“Survey on sentiment analysis: evolution of research methods and topics” is a comprehensive academic paper published in Artificial Intelligence Review. This survey, authored by Jingfeng Cui, Zhaoxia Wang, Seng-Beng Ho, and Erik Cambria, delves into the dynamic landscape of sentiment analysis research.
What is Sentiment Analysis? Sentiment analysis is a rapidly evolving field within Natural Language Processing (NLP) that focuses on mining and interpreting people’s attitudes, emotions, appraisals, and opinions from unstructured text. It can determine whether emotions expressed in text are positive, negative, or neutral, and even quantify their intensity. This analytical technique is widely applied across various sectors, including business, finance, politics, education, and services, aiding decision-making for leaders, businessmen, and service providers by helping them understand user thoughts and opinions.
Unique Contribution of This Survey: While many existing literature reviews on sentiment analysis focus on techniques, methods, and applications, this particular study addresses a notable gap: the lack of a dedicated survey on the evolution of research methods and topics in sentiment analysis. It uniquely leverages keyword co-occurrence analysis combined with a community detection algorithm to uncover the historical development and current trends within the field over the past two decades. This approach allows for a comprehensive understanding of how research content and topics have transformed over time, providing valuable guidance for researchers.

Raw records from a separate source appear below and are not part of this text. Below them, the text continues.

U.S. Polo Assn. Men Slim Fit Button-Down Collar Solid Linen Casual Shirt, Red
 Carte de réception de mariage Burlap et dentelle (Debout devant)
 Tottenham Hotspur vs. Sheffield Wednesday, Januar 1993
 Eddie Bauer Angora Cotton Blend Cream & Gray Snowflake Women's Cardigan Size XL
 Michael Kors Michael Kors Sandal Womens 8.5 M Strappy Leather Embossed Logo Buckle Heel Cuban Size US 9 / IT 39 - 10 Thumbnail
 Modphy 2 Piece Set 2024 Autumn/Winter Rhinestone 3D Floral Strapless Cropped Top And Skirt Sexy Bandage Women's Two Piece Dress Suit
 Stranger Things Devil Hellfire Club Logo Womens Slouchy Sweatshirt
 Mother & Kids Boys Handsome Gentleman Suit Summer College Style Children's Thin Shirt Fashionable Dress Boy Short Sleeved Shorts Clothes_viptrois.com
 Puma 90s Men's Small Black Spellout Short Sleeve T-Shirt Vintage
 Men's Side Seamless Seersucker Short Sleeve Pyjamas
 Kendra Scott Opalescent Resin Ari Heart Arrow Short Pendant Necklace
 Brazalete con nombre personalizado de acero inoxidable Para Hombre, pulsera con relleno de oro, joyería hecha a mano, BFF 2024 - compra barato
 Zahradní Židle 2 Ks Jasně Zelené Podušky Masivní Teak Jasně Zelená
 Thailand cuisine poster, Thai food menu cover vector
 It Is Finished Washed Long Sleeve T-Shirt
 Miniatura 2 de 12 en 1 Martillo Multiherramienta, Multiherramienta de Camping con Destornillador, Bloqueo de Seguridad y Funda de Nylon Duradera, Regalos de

Methodology at a Glance: The authors systematically collected 9,714 papers from the Web of Science platform, spanning from January 2002 to January 2022. The data collection involved specific keywords such as “sentiment analy*”, “sentiment mining,” and “sentiment classification,” with careful exclusions of irrelevant topics like image or speech processing. The core of their analytical methodology involved:
- Keyword Extraction: Utilizing KeyBERT to synthesize titles, abstracts, and author keywords, filtering for representative and high-frequency terms.
- Co-occurrence Analysis: Using BibExcel to count keyword co-occurrences, revealing associations between research contents.
- Network Visualization and Community Detection: Employing Pajek with the Louvain community detection algorithm to construct and divide the keyword co-occurrence network into sub-communities, and VOSviewer for optimizing visualization.
- Evolution Analysis: Tracking keyword frequencies year-by-year using Excel to map the evolution of research methods and topics.
Key Findings and Research Hotspots: The study successfully divided the sentiment analysis research landscape into six distinct communities (C1-C6), each representing a crucial research area:
- C1: Social Media Platforms (e.g., Twitter, COVID-19, topic models like LDA).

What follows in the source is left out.